Тимош промолчал; но мысль спасти князя Дмитрия и самим убежать «гвоздем засела у него в голове», как выражался о нем его отец. Князь Дмитрий сидел в узкой полутемной каморке под надзором казака-сторожа, сменявшегося два раза в день. Тимош улучил минуту, когда на часах стоял знакомый ему запорожец.
– Диду Остапенко, а диду Остапенко! – кликнул он его. – Больно уж мне охота поболтать с панычем, что там сидит.
Казаку не показалось это удивительным, так как Тимош говорил, что это знакомый его отца.
– А що, хлопец? – ласково проговорил Остапенко. – Чи зажурывся одын? Ну, иди, посиди с панычем! – И он отворил дверь каморки.
Князь Дмитрий сидел на куче соломы. Услыхав шорох, он со страхом поднял распухшее от слез лицо и спросил:
– Кто тут?
– Я, Тимош, – отвечал мальчик. – Мне надо поговорить с тобою, – прибавил он деловым тоном и присел на солому.
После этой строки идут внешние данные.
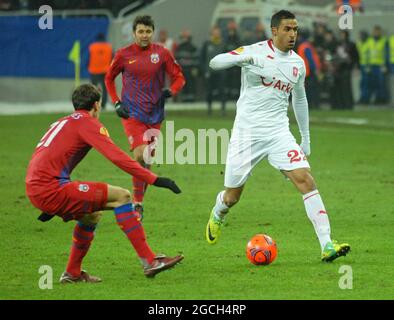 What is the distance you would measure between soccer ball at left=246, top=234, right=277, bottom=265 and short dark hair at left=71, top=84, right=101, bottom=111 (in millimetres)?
2201

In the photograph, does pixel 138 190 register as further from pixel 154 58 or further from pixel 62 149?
pixel 62 149

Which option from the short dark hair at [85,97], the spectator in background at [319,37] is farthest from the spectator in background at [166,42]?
the short dark hair at [85,97]

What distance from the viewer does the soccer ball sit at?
34.4 feet

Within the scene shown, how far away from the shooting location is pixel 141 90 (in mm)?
13984

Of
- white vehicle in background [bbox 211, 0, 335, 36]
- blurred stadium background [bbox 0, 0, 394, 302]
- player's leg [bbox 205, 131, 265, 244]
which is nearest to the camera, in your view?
blurred stadium background [bbox 0, 0, 394, 302]

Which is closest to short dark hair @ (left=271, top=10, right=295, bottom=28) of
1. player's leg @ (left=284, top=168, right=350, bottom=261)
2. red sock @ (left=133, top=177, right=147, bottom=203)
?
player's leg @ (left=284, top=168, right=350, bottom=261)

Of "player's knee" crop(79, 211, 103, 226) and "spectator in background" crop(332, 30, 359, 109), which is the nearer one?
"player's knee" crop(79, 211, 103, 226)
– Что тебе от меня нужно? – недоверчиво спросил молодой князь, отодвигаясь.
Тимош заговорил шепотом, посматривая время от времени на дверь:
– Видишь ли, я бы не стал с тобою связываться, потому что ты пан, а я казак: паны всегда были нашими врагами. Но теперь мы оба в беде: ты пленник, да и я не лучше. Город укрепили; ни мне, ни тебе не попасть в польское войско.
– А оно близко? – спросил живо князь. – О, если бы они разбили этих презренных хлопов!
Тимош нахмурился.
– Ты не бранись! – сказал он сердито. – А то и сиди себе тут в своем чулане.
– Говори, говори дальше, – торопил Дмитрий.
– То-то же! – проговорил Тимош, успокаиваясь. – Только не кричи, тут за дверью казак ходит.
Остапенко просунул голову в дверь.
– Чи наговорились, хлопцы? – спросил он.
– Ни еще, диду, – отвечал Тимош.
– Я боюсь, чтобы кто из казаков не заглянул сюда; мне за вас достанется, – проговорил Остапенко, притворяя дверь.
– Нельзя терять времени, – прошептал Тимош. – Есть у вас в замке какой-нибудь выход за город? Мы тебя освободим, а ты покажешь нам дорогу, – проговорил он, наклоняясь к уху князя.
Дмитрий быстро взглянул на своего собеседника.
– Ты не обманываешь? – спросил он тихо.
– Зачем мне обманывать? Отец мой теперь в польском войске писарем, мне надо к нему пробраться.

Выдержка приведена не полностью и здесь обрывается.